Which of these molecules have an odd number of valence electrons: \(\mathrm{NO}_{2}, \mathrm{SCl}_{2}, \mathrm{NH}_{3}, \mathrm{NO}_{3} ?\)

Short Answer

Expert verified
The molecule NO2 has an odd number of valence electrons.

Step by step solution

01

Count valence electrons in NO2

For the molecule NO2 (Nitrogen dioxide), nitrogen (N) has 5 valence electrons and each oxygen (O) has 6 valence electrons. Calculate the total number of valence electrons: \[5 + (2 \times 6) = 17\] Thus, NO2 has 17 valence electrons, which is an odd number.
02

Count valence electrons in SCl2

For the molecule SCl2 (Sulfur dichloride), sulfur (S) has 6 valence electrons and each chlorine (Cl) atom has 7 valence electrons.
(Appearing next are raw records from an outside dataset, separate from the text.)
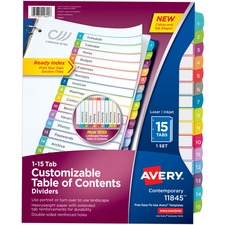 AVE11845 - Avery&reg; Customizable Table of Contents Dividers, Ready Index(R) Printable Section Titles, Preprinted 1-15 Arched Multicolor Tabs, 1 Set (11845)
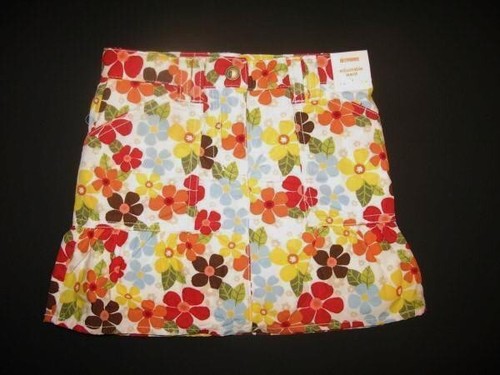 Gymboree Outlet white floral skirt skort blue orange yellow red brown 4 4T 5 5T - Picture 2 of 3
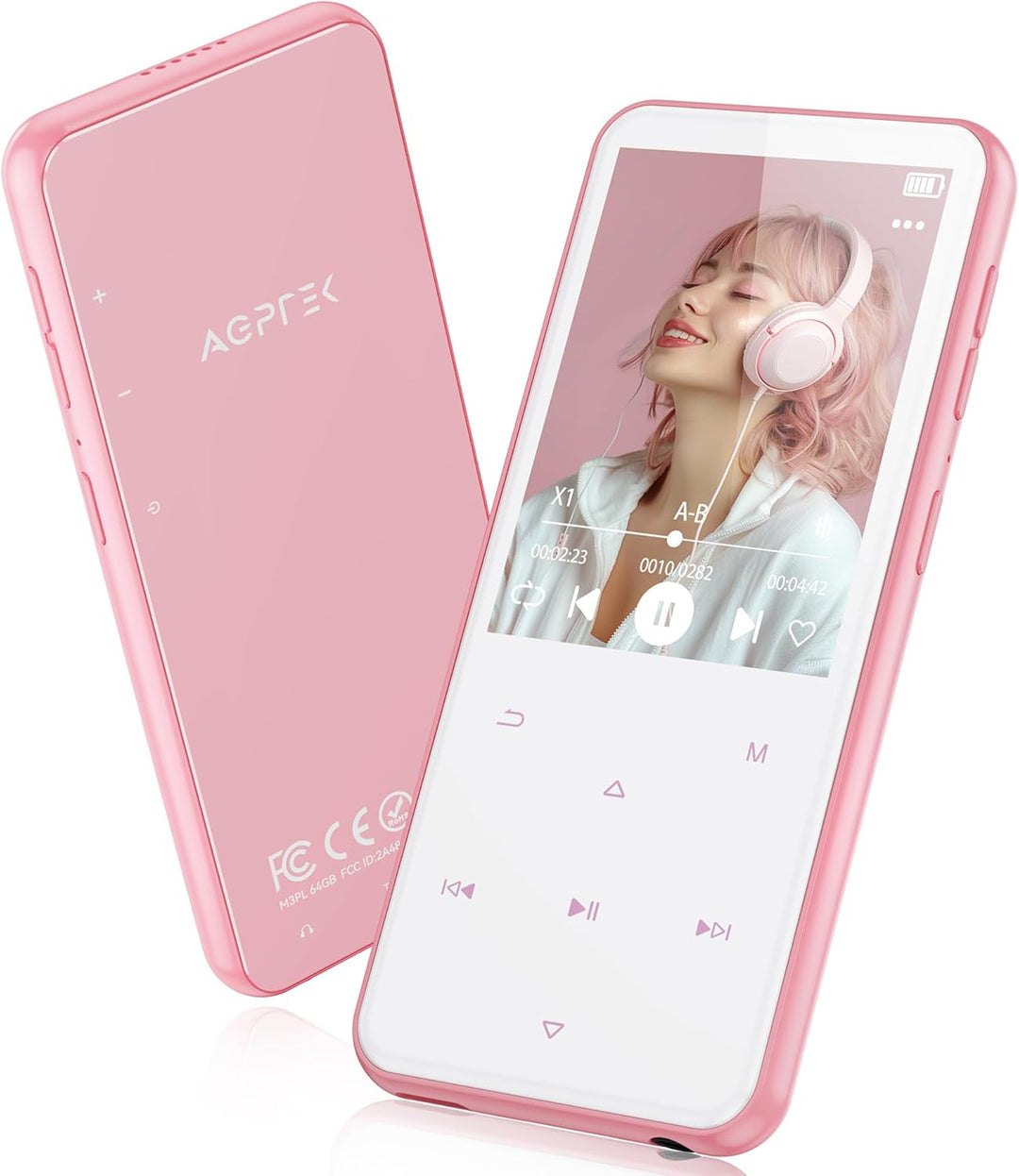 AGPTEK 64GB MP3 Player Bluetooth 5.3 mit 2,4" TFT Farbbildschirm, HiFi Musik Kinder MP3 Player mit L
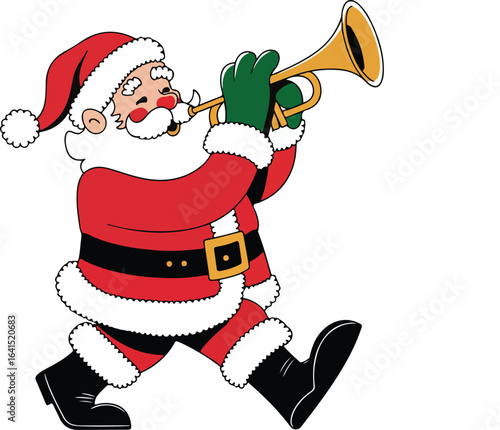Santa Trumpeter Retro Cartoon Holiday Clipart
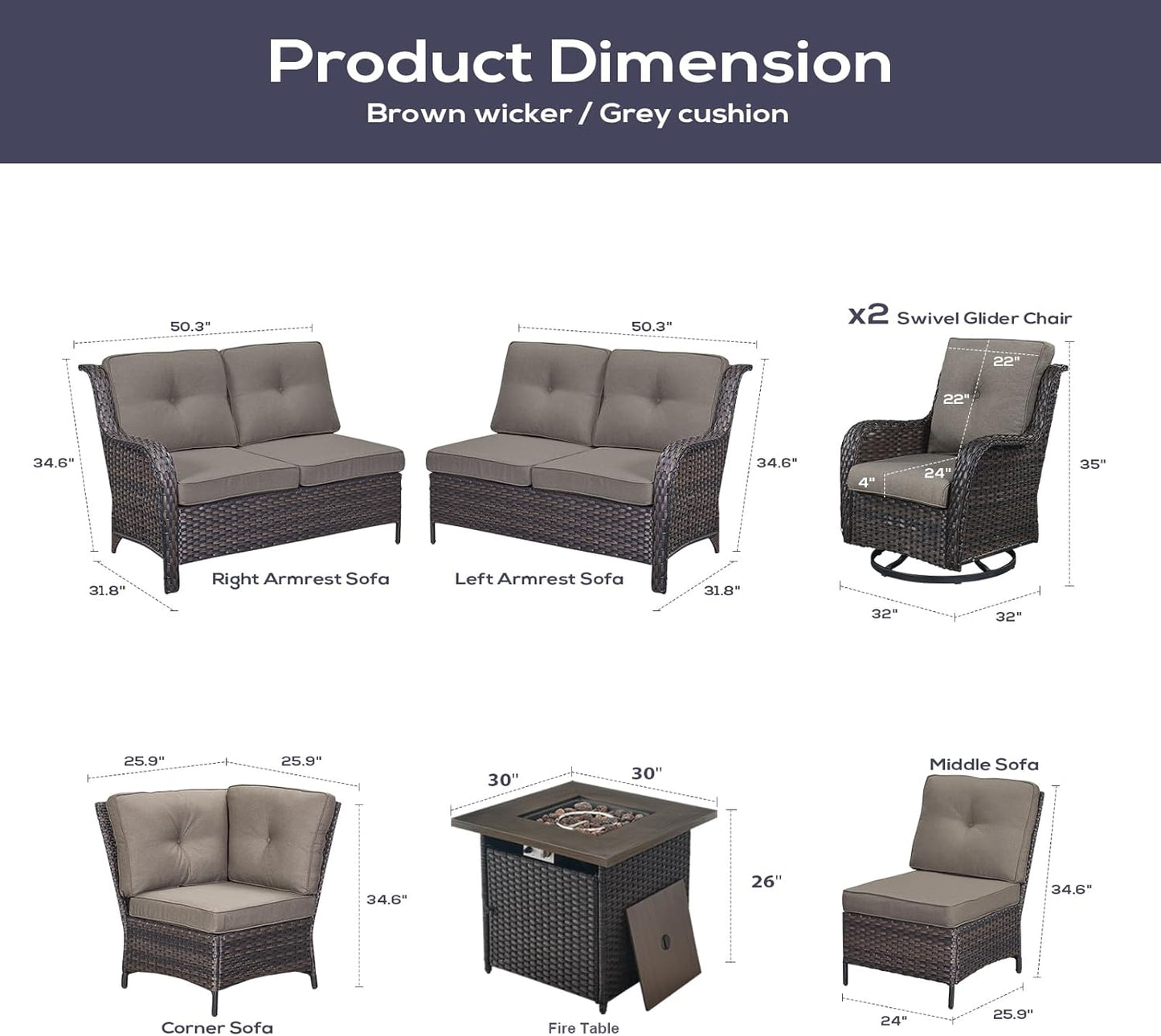 Outdoor Sectional Sofa Furniture Set with 50000BTU Propane Fire Pit Table, Wicker Patio Conversation Set with 2 Swivel Glider Rocker Chairs Grey Cushion Perfect for Backyard Casual Gathering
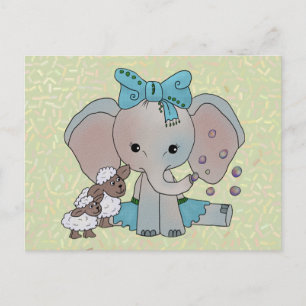 Elefant und Schafe Postkarte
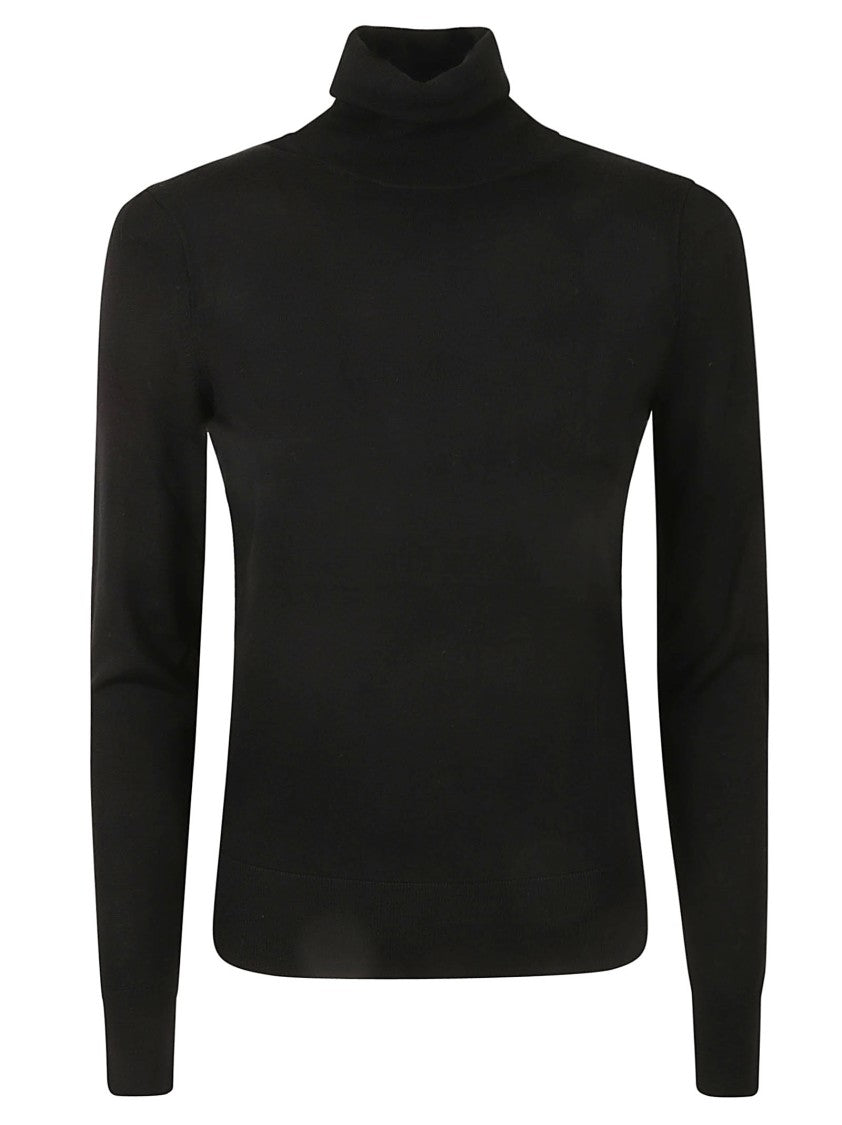 High Neck Fitted Black Wool Sweater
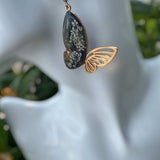 Earring Midnight Blossom Butterfly Handmade Pressed Flower Accessory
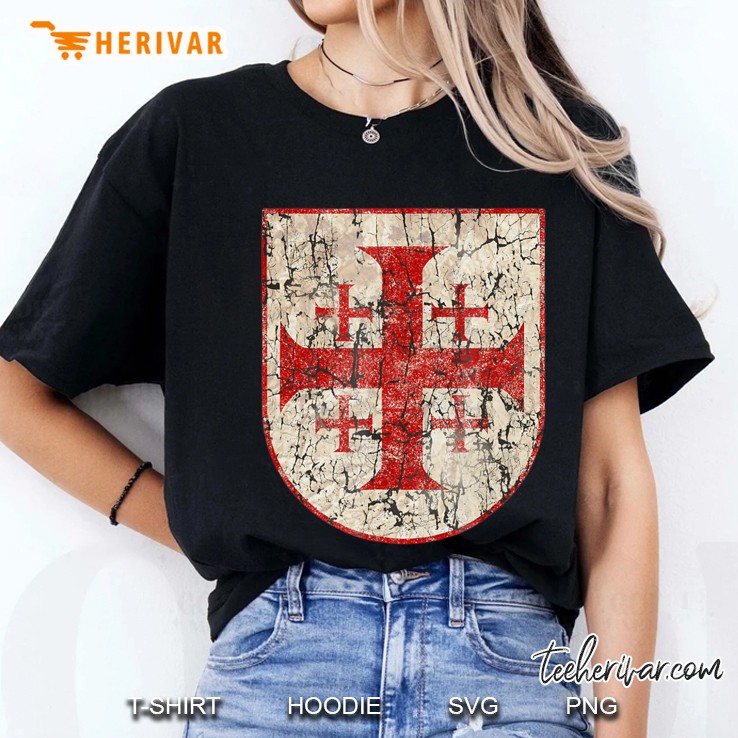 Jerusalem Cross, Distressed Ladies Tee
Calculate the total number of valence electrons:\[6 + (2 \times 7) = 20\]Thus, SCl2 has 20 valence electrons, which is an even number.
03

Count valence electrons in NH3

For the molecule NH3 (Ammonia), nitrogen (N) has 5 valence electrons and each hydrogen (H) has 1 valence electron. Calculate the total number of valence electrons:\[5 + (3 \times 1) = 8\]Thus, NH3 has 8 valence electrons, which is an even number.
04

Count valence electrons in NO3−

For the nitrate ion NO3−, nitrogen (N) has 5 valence electrons, each oxygen (O) has 6 valence electrons, and there is an extra electron due to the negative charge. Calculate the total number of valence electrons:\[5 + (3 \times 6) + 1 = 24\]Thus, the ion NO3− has 24 valence electrons, which is an even number.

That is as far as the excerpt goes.